* [Task statement] Search the data below for the string "pool" and copy all lines where it shows up.

* [Material for this exercise]
*****

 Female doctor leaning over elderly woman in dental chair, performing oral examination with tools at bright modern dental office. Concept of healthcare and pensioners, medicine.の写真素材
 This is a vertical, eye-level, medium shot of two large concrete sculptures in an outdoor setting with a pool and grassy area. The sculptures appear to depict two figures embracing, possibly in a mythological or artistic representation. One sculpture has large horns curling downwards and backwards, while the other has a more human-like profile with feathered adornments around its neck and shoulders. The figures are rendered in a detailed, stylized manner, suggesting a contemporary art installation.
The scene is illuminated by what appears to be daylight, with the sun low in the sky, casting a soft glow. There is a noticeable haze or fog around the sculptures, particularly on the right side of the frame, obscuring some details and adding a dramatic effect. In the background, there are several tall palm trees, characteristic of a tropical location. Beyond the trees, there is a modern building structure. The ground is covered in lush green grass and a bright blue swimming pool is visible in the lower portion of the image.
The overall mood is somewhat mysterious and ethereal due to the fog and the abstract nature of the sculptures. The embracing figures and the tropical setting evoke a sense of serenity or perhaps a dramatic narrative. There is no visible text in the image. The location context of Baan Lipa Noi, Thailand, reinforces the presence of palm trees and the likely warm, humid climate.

*****

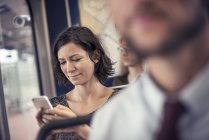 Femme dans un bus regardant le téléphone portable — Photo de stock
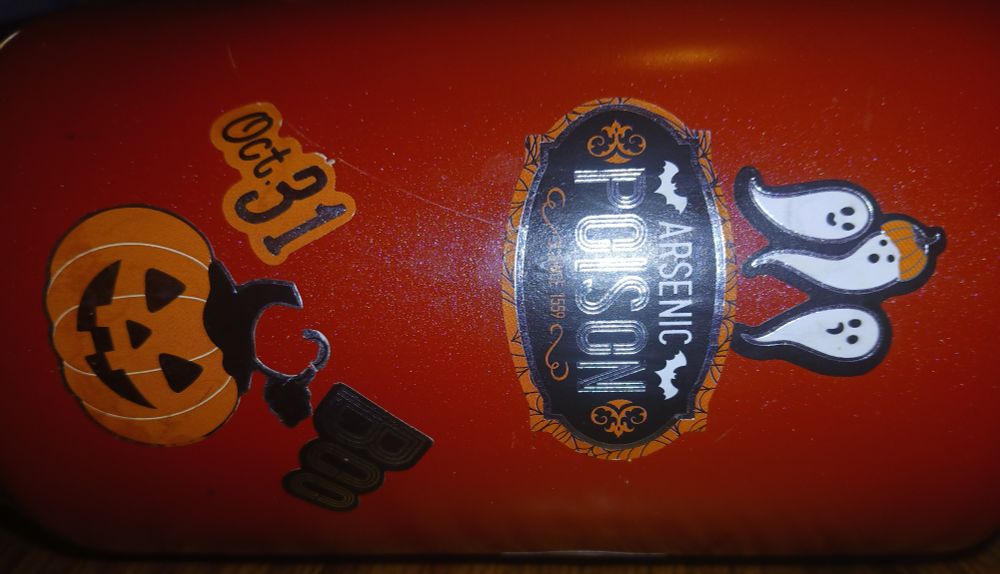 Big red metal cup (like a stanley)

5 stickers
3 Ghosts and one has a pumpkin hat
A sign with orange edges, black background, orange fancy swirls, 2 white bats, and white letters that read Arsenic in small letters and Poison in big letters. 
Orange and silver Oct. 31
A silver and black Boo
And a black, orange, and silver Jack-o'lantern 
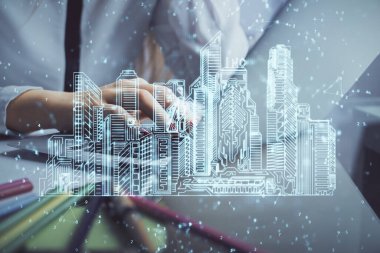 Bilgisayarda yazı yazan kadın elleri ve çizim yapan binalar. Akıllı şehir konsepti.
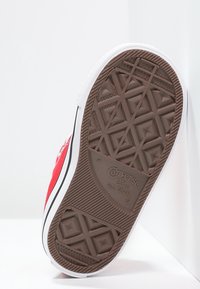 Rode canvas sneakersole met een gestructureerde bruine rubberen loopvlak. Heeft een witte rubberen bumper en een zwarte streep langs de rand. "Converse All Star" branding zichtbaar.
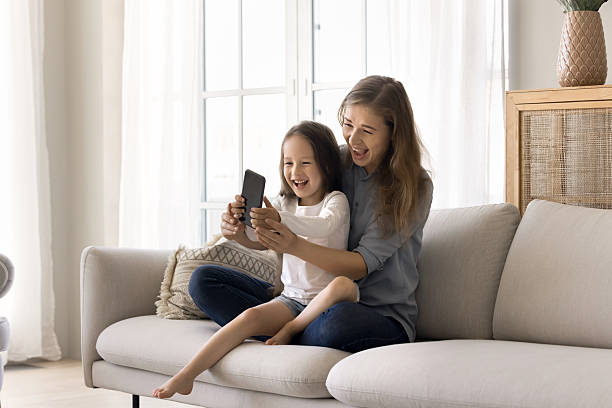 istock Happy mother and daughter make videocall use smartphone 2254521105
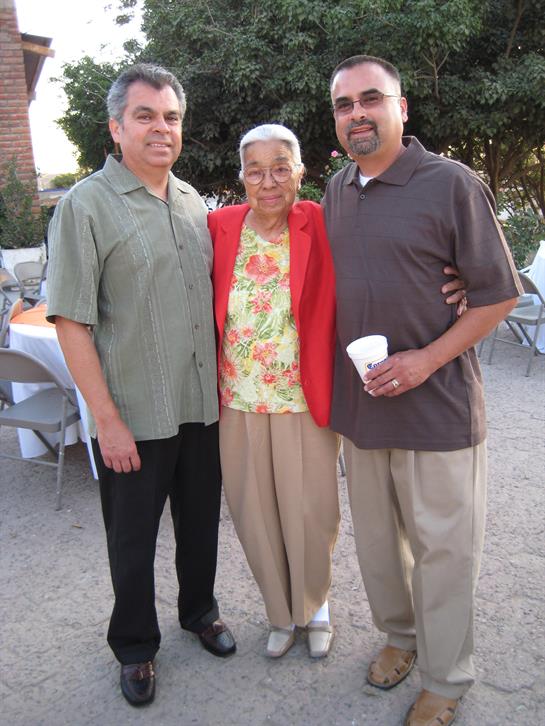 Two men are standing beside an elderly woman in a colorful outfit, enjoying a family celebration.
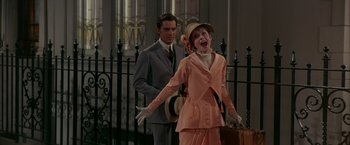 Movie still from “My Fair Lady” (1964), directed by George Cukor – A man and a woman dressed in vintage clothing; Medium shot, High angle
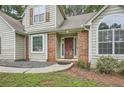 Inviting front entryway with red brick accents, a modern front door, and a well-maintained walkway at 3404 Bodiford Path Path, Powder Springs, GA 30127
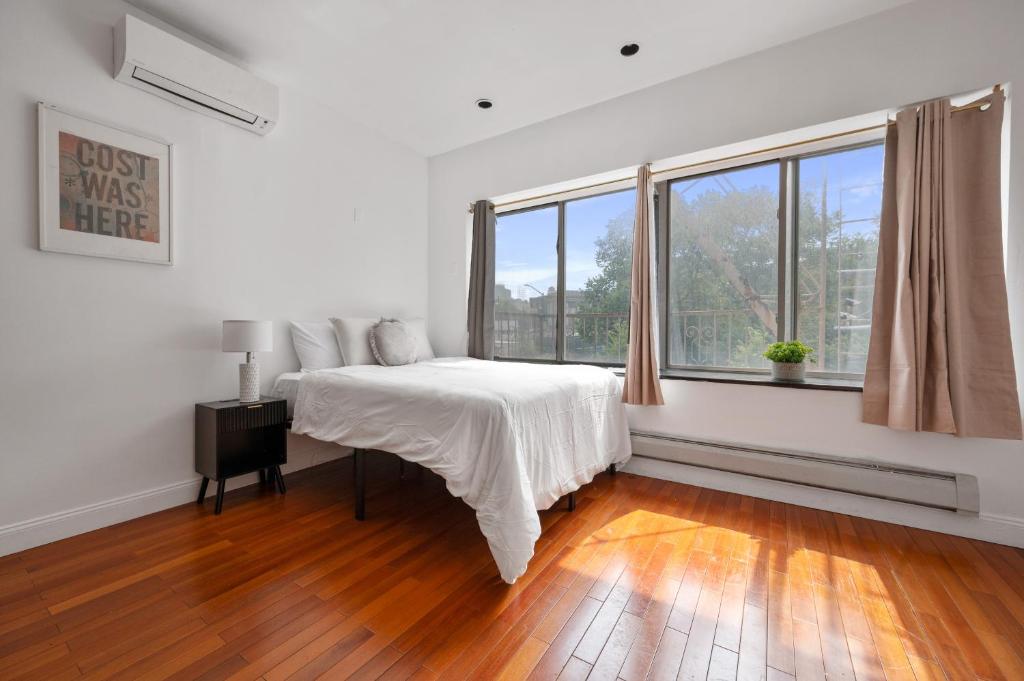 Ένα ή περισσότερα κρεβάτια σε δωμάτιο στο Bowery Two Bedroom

*****

* [Answer to the exercise]
 This is a vertical, eye-level, medium shot of two large concrete sculptures in an outdoor setting with a pool and grassy area. The sculptures appear to depict two figures embracing, possibly in a mythological or artistic representation. One sculpture has large horns curling downwards and backwards, while the other has a more human-like profile with feathered adornments around its neck and shoulders. The figures are rendered in a detailed, stylized manner, suggesting a contemporary art installation.
The scene is illuminated by what appears to be daylight, with the sun low in the sky, casting a soft glow. There is a noticeable haze or fog around the sculptures, particularly on the right side of the frame, obscuring some details and adding a dramatic effect. In the background, there are several tall palm trees, characteristic of a tropical location. Beyond the trees, there is a modern building structure. The ground is covered in lush green grass and a bright blue swimming pool is visible in the lower portion of the image.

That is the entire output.